■ The problem: Output only the stretch of the listing that starts at the line containing "Nhân viên y" and ends at the line containing "Damen Glänzende Oversize-Steppjacke", reproduced exactly with both ends.

■ Dataset entries:
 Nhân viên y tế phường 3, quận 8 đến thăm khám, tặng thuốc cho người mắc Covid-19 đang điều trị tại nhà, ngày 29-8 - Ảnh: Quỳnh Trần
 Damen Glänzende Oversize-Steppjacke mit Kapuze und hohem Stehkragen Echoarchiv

* * *

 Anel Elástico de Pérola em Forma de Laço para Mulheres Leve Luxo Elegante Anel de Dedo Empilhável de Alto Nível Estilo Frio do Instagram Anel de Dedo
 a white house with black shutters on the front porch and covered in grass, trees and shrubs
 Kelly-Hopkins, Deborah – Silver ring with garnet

■ Your solution:
 Nhân viên y tế phường 3, quận 8 đến thăm khám, tặng thuốc cho người mắc Covid-19 đang điều trị tại nhà, ngày 29-8 - Ảnh: Quỳnh Trần
 Damen Glänzende Oversize-Steppjacke mit Kapuze und hohem Stehkragen Echoarchiv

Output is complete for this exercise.